Di Kecamatan Siwalan, ada 10 desa yang terdampak banjir. Yakni Desa Mejasem, Wonosari, Tengengwetan, Rembun, Tunjungsari, Pait, Yosorejo, Blacanan, Depok, dan Desa Boyoteluk.
Salah satu desa dengan banjir cukup parah adalah Desa Gebangkerap, Kecamatan Sragi. Desa ini memang langganan banjir tiap tahunnya akibat meluapnya Sungai Winong. Namun banjir kali ini lebih parah dibandingkan tahun lalu. Enam pedukuhan tergenang banjir sejak Sabtu (5/2/2022) malam hingga Minggu (6/2/2022) kemarin. Ketinggian air antara 40 cm hingga 1 meter. Ratusan warganya pun mengungsi.
Kades Gebangkerep, Didi Mardiono, menerangkan, enam dusun yang terendam banjir di antaranya Dukuh Sibangoh, Banjarturi, Karangtengah, Banjardowo Selatan, Banjardowo Utara, dan Dukuh Banjardowo Tengah.

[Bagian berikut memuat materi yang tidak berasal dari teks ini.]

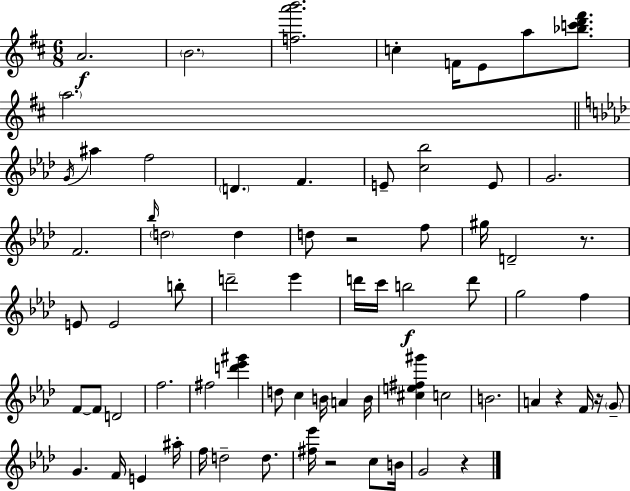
A4/h. B4/h. [F5,A6,B6]/h. C5/q F4/s E4/e A5/e [Bb5,C6,D6,F#6]/e. A5/h. G4/s A#5/q F5/h D4/q. F4/q. E4/e [C5,Bb5]/h E4/e G4/h. F4/h. Bb5/s D5/h D5/q D5/e R/h F5/e G#5/s D4/h R/e. E4/e E4/h B5/e D6/h Eb6/q D6/s C6/s B5/h D6/e G5/h F5/q F4/e F4/e D4/h F5/h. F#5/h [D6,Eb6,G#6]/q D5/e C5/q B4/s A4/q B4/s [C#5,E5,F#5,G#6]/q C5/h B4/h. A4/q R/q F4/s R/s G4/e G4/q. F4/s E4/q A#5/s F5/s D5/h D5/e. [F#5,Eb6]/s R/h C5/e B4/s G4/h R/q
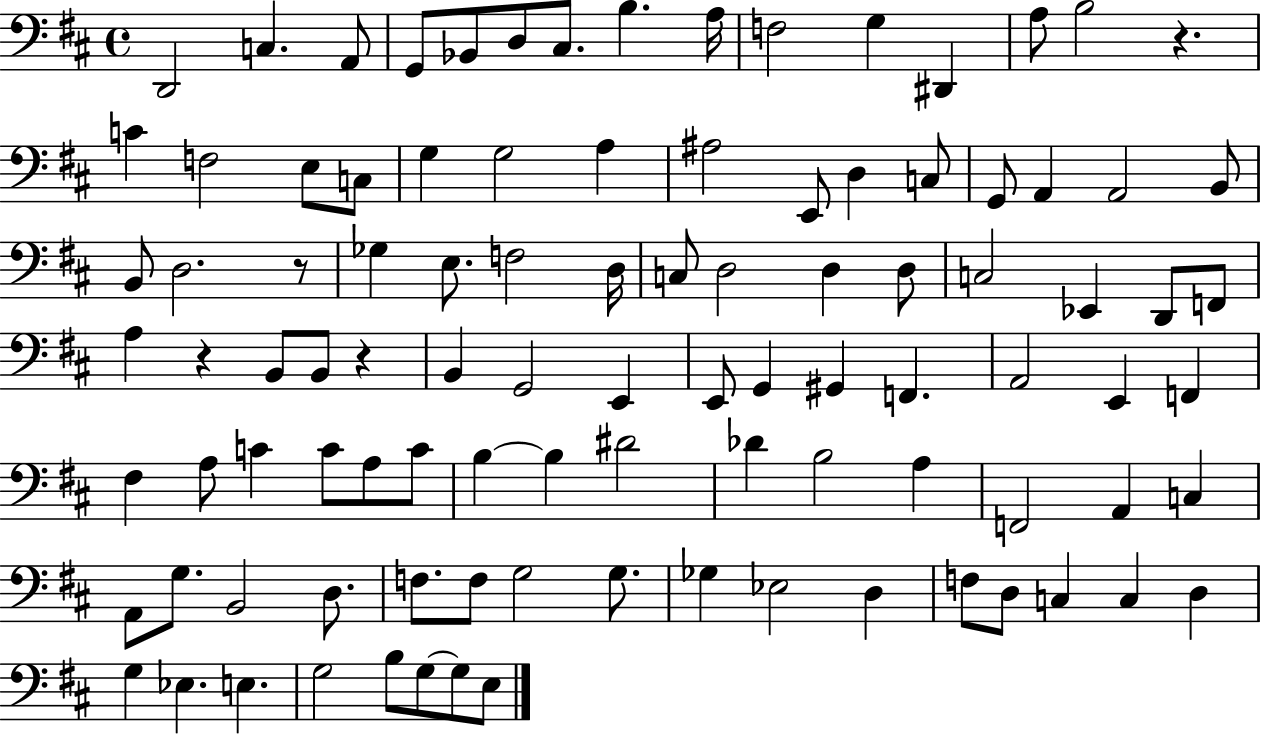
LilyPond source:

{
  \clef bass
  \time 4/4
  \defaultTimeSignature
  \key d \major
  d,2 c4. a,8 | g,8 bes,8 d8 cis8. b4. a16 | f2 g4 dis,4 | a8 b2 r4. | \break c'4 f2 e8 c8 | g4 g2 a4 | ais2 e,8 d4 c8 | g,8 a,4 a,2 b,8 | \break b,8 d2. r8 | ges4 e8. f2 d16 | c8 d2 d4 d8 | c2 ees,4 d,8 f,8 | \break a4 r4 b,8 b,8 r4 | b,4 g,2 e,4 | e,8 g,4 gis,4 f,4. | a,2 e,4 f,4 | \break fis4 a8 c'4 c'8 a8 c'8 | b4~~ b4 dis'2 | des'4 b2 a4 | f,2 a,4 c4 | \break a,8 g8. b,2 d8. | f8. f8 g2 g8. | ges4 ees2 d4 | f8 d8 c4 c4 d4 | \break g4 ees4. e4. | g2 b8 g8~~ g8 e8 | \bar "|."
}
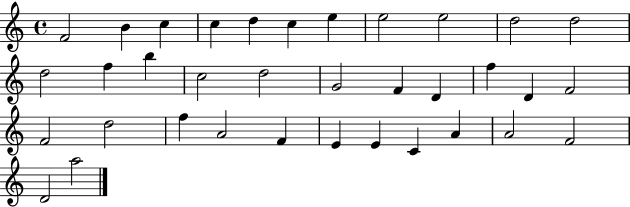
F4/h B4/q C5/q C5/q D5/q C5/q E5/q E5/h E5/h D5/h D5/h D5/h F5/q B5/q C5/h D5/h G4/h F4/q D4/q F5/q D4/q F4/h F4/h D5/h F5/q A4/h F4/q E4/q E4/q C4/q A4/q A4/h F4/h D4/h A5/h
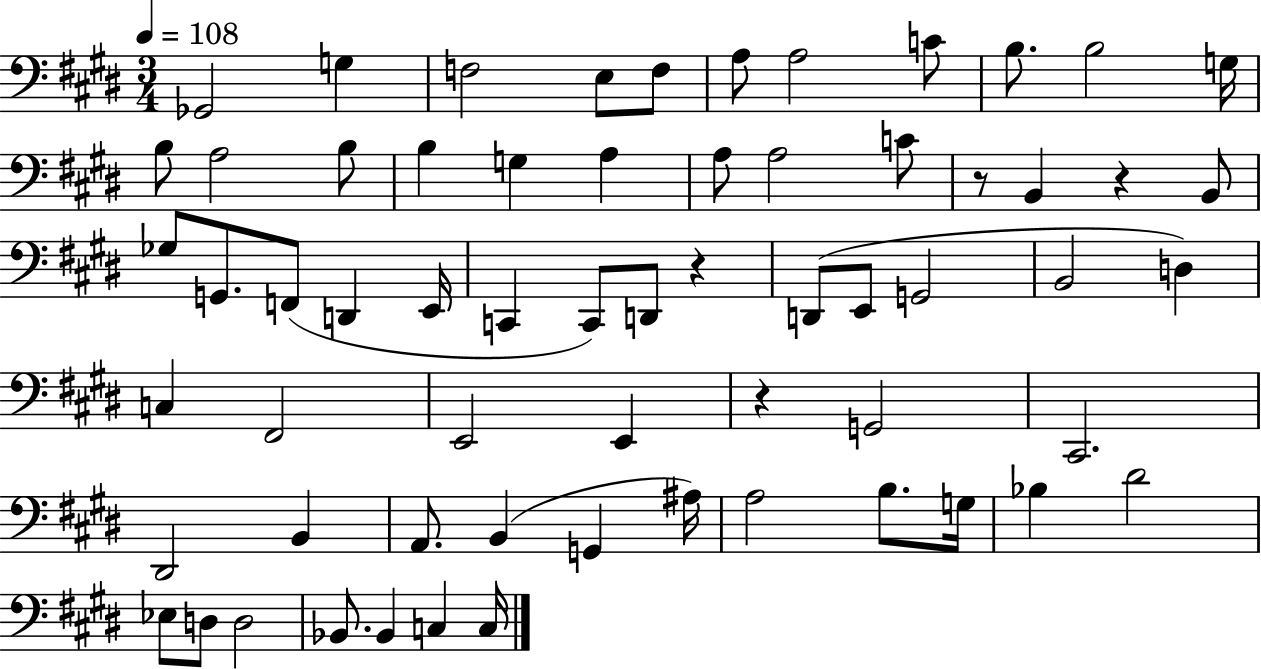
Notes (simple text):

Gb2/h G3/q F3/h E3/e F3/e A3/e A3/h C4/e B3/e. B3/h G3/s B3/e A3/h B3/e B3/q G3/q A3/q A3/e A3/h C4/e R/e B2/q R/q B2/e Gb3/e G2/e. F2/e D2/q E2/s C2/q C2/e D2/e R/q D2/e E2/e G2/h B2/h D3/q C3/q F#2/h E2/h E2/q R/q G2/h C#2/h. D#2/h B2/q A2/e. B2/q G2/q A#3/s A3/h B3/e. G3/s Bb3/q D#4/h Eb3/e D3/e D3/h Bb2/e. Bb2/q C3/q C3/s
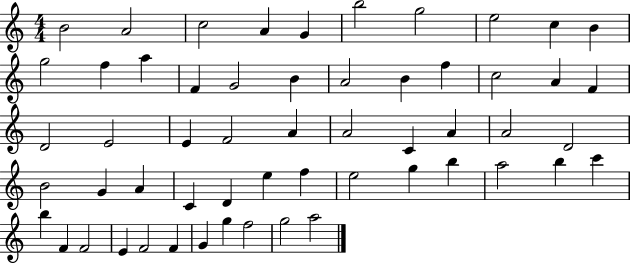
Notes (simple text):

B4/h A4/h C5/h A4/q G4/q B5/h G5/h E5/h C5/q B4/q G5/h F5/q A5/q F4/q G4/h B4/q A4/h B4/q F5/q C5/h A4/q F4/q D4/h E4/h E4/q F4/h A4/q A4/h C4/q A4/q A4/h D4/h B4/h G4/q A4/q C4/q D4/q E5/q F5/q E5/h G5/q B5/q A5/h B5/q C6/q B5/q F4/q F4/h E4/q F4/h F4/q G4/q G5/q F5/h G5/h A5/h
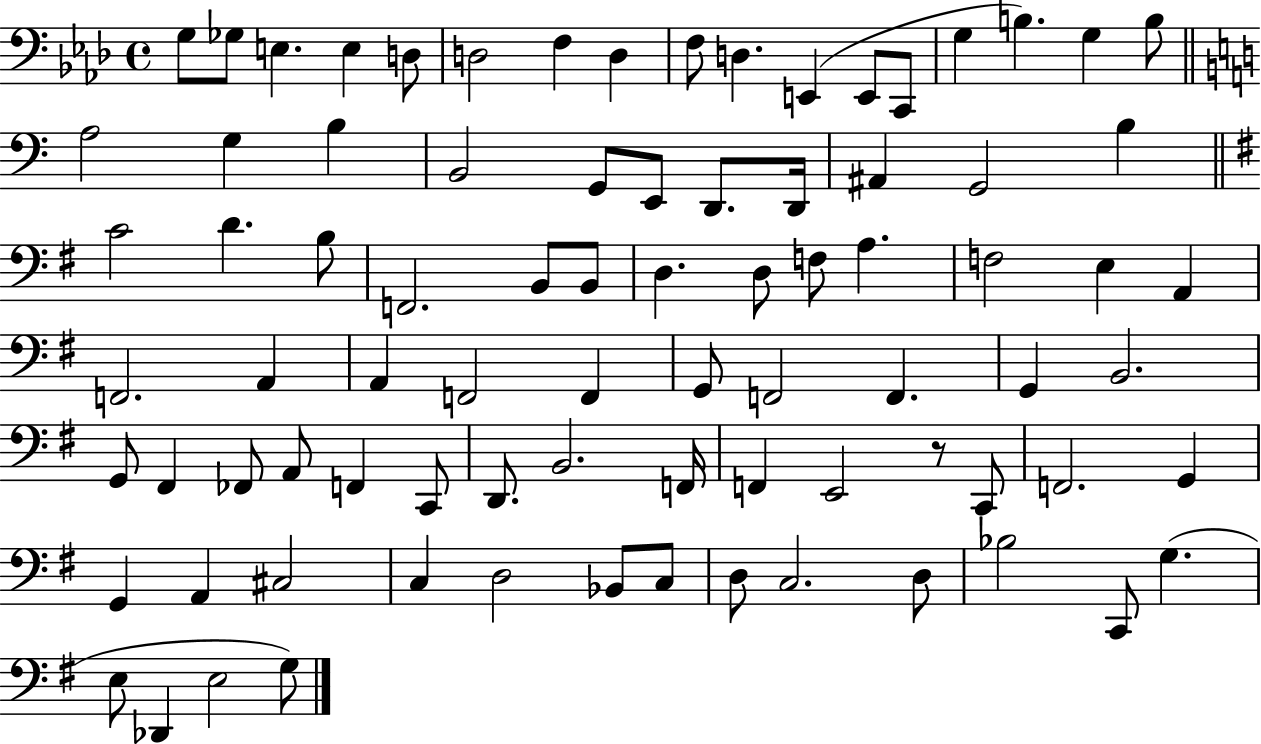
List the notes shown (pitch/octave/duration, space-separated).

G3/e Gb3/e E3/q. E3/q D3/e D3/h F3/q D3/q F3/e D3/q. E2/q E2/e C2/e G3/q B3/q. G3/q B3/e A3/h G3/q B3/q B2/h G2/e E2/e D2/e. D2/s A#2/q G2/h B3/q C4/h D4/q. B3/e F2/h. B2/e B2/e D3/q. D3/e F3/e A3/q. F3/h E3/q A2/q F2/h. A2/q A2/q F2/h F2/q G2/e F2/h F2/q. G2/q B2/h. G2/e F#2/q FES2/e A2/e F2/q C2/e D2/e. B2/h. F2/s F2/q E2/h R/e C2/e F2/h. G2/q G2/q A2/q C#3/h C3/q D3/h Bb2/e C3/e D3/e C3/h. D3/e Bb3/h C2/e G3/q. E3/e Db2/q E3/h G3/e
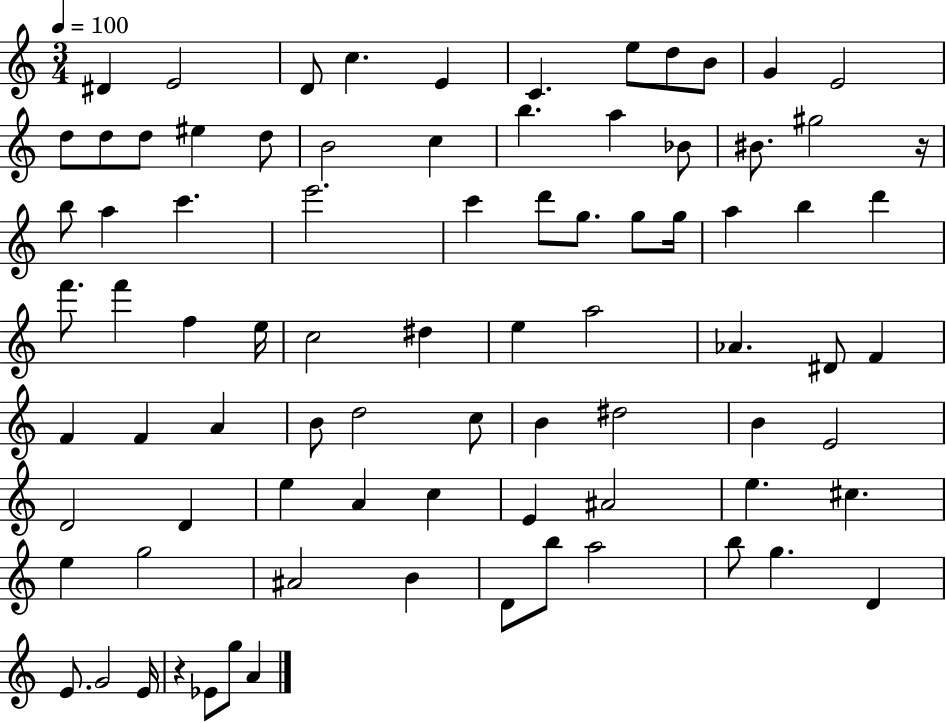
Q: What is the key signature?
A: C major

Di Desa Gebangkerep, kata dia, ada 515 rumah yang terendam banjir.
"Banjir tahun ini lebih tinggi dibandingkan tahun lalu," kata dia.
Dikatakan, apabila tanggul Sungai Winong ditinggikan mungkin tidak banjir separah ini. Pihaknya sudah sering mengusulkan peninggian tanggul itu, namun belum direalisasikan oleh pemerintah daerah.
Sutiarti (42), warga RT 2 RW 10, Dukuh Banjardowo Tengah, Desa Gebangkerep, mengatakan, banjir mulai masuk ke dalam rumah sejak hari Sabtu, pukul 23.00 WIB.
"Biasanya banjir di desa saya jarang sekali masuk ke dalam rumah, namun kali ini air masuk ke rumah. Ketinggian airnya satu lutut orang dewasa," katanya.
Ia mengungkapkan, aktivitas warga terganggu karena ada banjir. "Sudah rumahnya terendam banjir ditambah suami lagi sakit mas," keluh dia.
Sementara itu, Camat Siwalan Siswanto, mengatakan, ada 10 desa di Kecamatan Siwalan yang sebagian besar wilayahnya terdampak banjir. Yakni Desa Mejasem, Wonosari, Tengengwetan, Rembun, Tunjungsari, Pait, Yosorejo, Blacanan, Depok, dan Desa Boyoteluk. Menurutnya, tidak ada pengungsi akibat banjir tersebut.
"Mudah-mudahan cuaca lebih bersahabat, sehingga air bisa segera berkurang," harap dia.
Camat Tirto, Agus Dwi Nugroho, mengatakan, di wilayahnya banjir terjadi di Desa Desa Mulyorejo, Tegaldowo, Karangjompo, Pacar, Pandanarum, Samborejo, dan Desa Tanjung. "Untuk sementara ini belum ada yang mengungsi," katanya.
Ketua PMI Kabupaten Pekalongan Arini Harimurti mengatakan, dampak parah banjir ini terjadi di Desa Gebangkerep dan Purwodadi.